Pound to Dollar Week Ahead Forecast: No Breakout yet

March 3, 2024 – Written by Tim Boyer


Currency exchange analysts at MUFG and ING both expect that the Pound to Dollar exchange rate (GBP/USD) will trade just above 1.30 at the end of 2024 as the dollar loses ground.

HSBC, however, expects GBP/USD to lose ground during the year.

GBP/USD was unchanged on the week close to 1.2650.

According to ING; “Continued investor interest in the carry trade should keep Sterling reasonably well bid. And given our medium-term fair value calculations that GBP/USD is some 7% undervalued and that the Dollar will roll lower later this year, we remain happy with a 12-month target at just over 1.3000.”

The UK macroeconomic debate will be very live over the next few weeks, starting with the UK budget which will be released on March 6th. The Bank of England interest rate debate will also continue to be intense.

Limited tax cuts are expected to be announced by Chancellor Hunt.

MUFG emphasises that the Bank of England will be taking note; “While the size of the potential fiscal giveaway is unlikely to be sufficient to significantly alter the performance of the UK economy, it could discourage the BoE from delivering an earlier rate cut in May or June.”


Bank of America (BofA) expects that the budget will be a net positive for the Pound and added; “April seasonality is once again approaching and the evidence remains supportive for GBP outperformance. Thirdly, the increase in the Minimum Wage in April will add support to the UK consumer. All-in-all, a lot of positive headwinds for the UK economy where pricing remains for a June rate cut versus BofA’s August call.”

Rabobank considers that there will be a notable element of restraint and that fiscal policy will not be a principal driver this year. Assuming that fiscal prudence is maintained, it is therefore possible that neither the budget nor the election will hold much capacity to shock the pound this year.”

US inflation and Federal Reserve policies will be extremely important for the Pound, especially as there will be a key influence on global risk conditions.

Markets are still digesting the inflation data released in February and the PCE prices index, a key Fed measure of inflation, increased 0.4% for January with a 2.8% annual increase.

Other US data was mixed for the week with an increase in jobless claims and contrasting manufacturing reports.

According to Rabobank; “US data releases over the next few months should reveal whether the current stickiness in US inflation is temporary, a seasonal issue, or whether it is persistent in nature. This will be key in determining whether this year’s broad-based USD rally still has legs.”

The bank added; “We see scope for more broad-based USD strength over the spring as the market continues to recalibrate the pace and timing of policy moves in the G10.”

HSBC discusses Fed policy; “One angle garnering more attention is whether even the Fed has been too dovish in its expectation for 2024, and whether a late-cycle tightening could be in prospect. For now, the messaging from the Fed is clear – a further rate hike is unlikely but there is also no rush to cut.

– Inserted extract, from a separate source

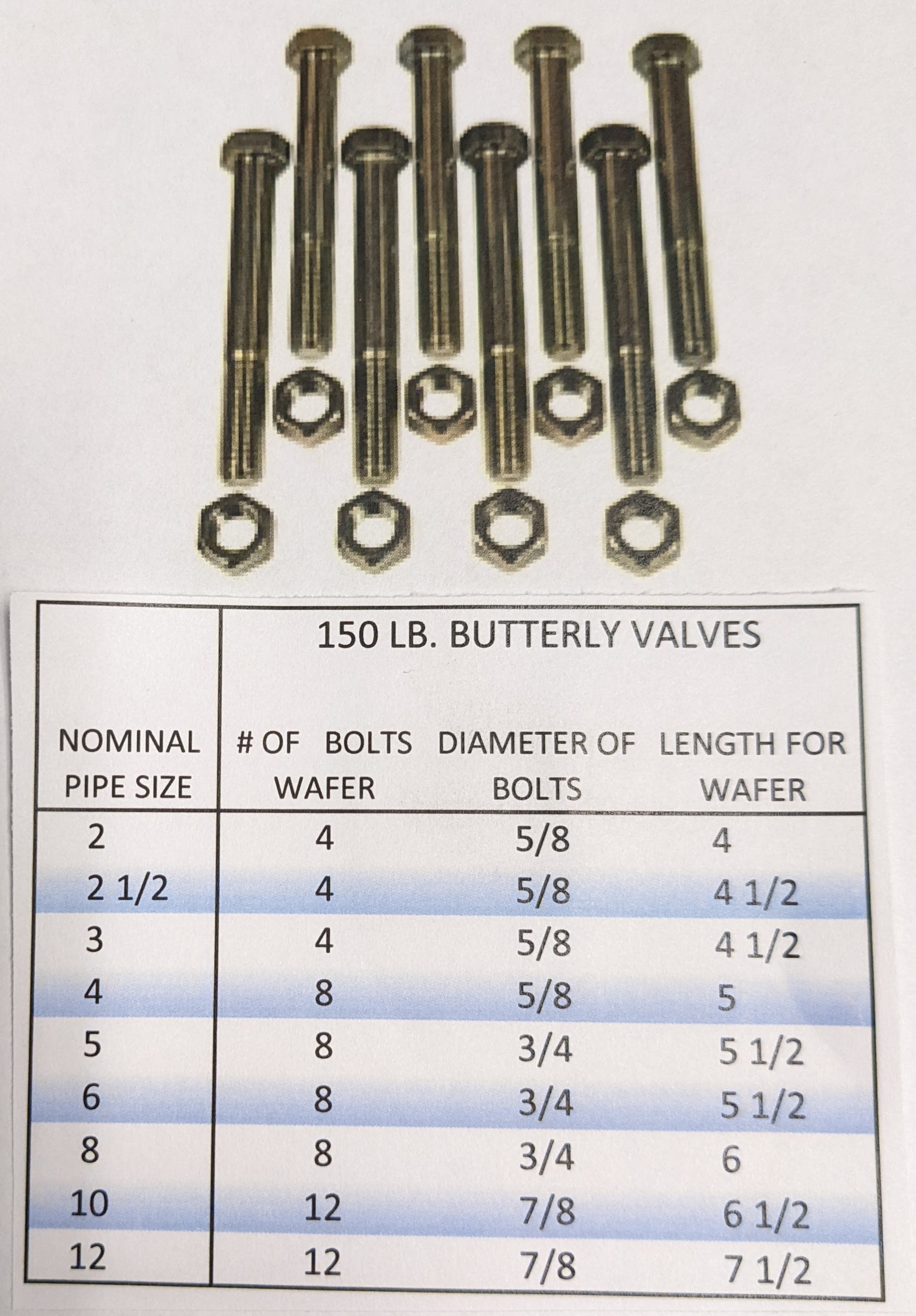 Flanges Bolts Albuquerque Pipe & Pump Supply Co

At this stage, Fed members are continuing preaching caution and the need for patience before cutting interest rates.

HSBC also notes that there has been some evidence of vulnerability in the consumer-orientated US data; “After a long stretch higher, reflecting activity data which has most often come in above consensus expectations, the index has shown recent signs of turning lower.”

It added; “On balance, it suggests that while US economic performance may support the USD, further USD gains built on upside surprises may be harder to come by.”

Commerzbank considers that there will need to be a catalyst for dollar selling; “Now that the market and the Fed seem to be on the same page, one thing should be clear: until we see data that suggests cracks in the Fed’s current story, the Dollar is unlikely to fall significantly again. As a result, it is likely to remain difficult for market participants betting on a weaker US Dollar.”

Bank of America looks at the US budget debate. The US Congress has passed spending resolutions to avert an immediate shutdown, but further action is needed by the end of next week.

A 1% across the board spending cut would kick in on April 30 if no spending deal is reached, damaging the economy.

BoA added; “We expect Congress to pass a continuing resolution and avert a shutdown. If it fails to do so, we think a brief shutdown cannot be ruled out, but a long one looks unlikely in an election year.”

From a longer-term perspective, MUFG frets over US policy; “So while the US has clear advantages, it also has a big problem ahead – tackling unsustainable budget deficits that ultimately point to potentially higher levels of inflation, weaker GDP growth and a weaker US dollar.